SUPPLIED INFORMATION:

================

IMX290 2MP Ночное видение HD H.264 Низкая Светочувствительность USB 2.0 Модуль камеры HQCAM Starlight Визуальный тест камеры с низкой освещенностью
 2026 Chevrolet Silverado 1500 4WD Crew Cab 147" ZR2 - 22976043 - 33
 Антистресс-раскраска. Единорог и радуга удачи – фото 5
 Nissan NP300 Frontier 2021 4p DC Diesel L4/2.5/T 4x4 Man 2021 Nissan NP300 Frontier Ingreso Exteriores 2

================

WHAT NEEDS TO BE DONE: Once you have read the data, copy all of it out exactly.

RESPONSE AREA:
IMX290 2MP Ночное видение HD H.264 Низкая Светочувствительность USB 2.0 Модуль камеры HQCAM Starlight Визуальный тест камеры с низкой освещенностью
 2026 Chevrolet Silverado 1500 4WD Crew Cab 147" ZR2 - 22976043 - 33
 Антистресс-раскраска. Единорог и радуга удачи – фото 5
 Nissan NP300 Frontier 2021 4p DC Diesel L4/2.5/T 4x4 Man 2021 Nissan NP300 Frontier Ingreso Exteriores 2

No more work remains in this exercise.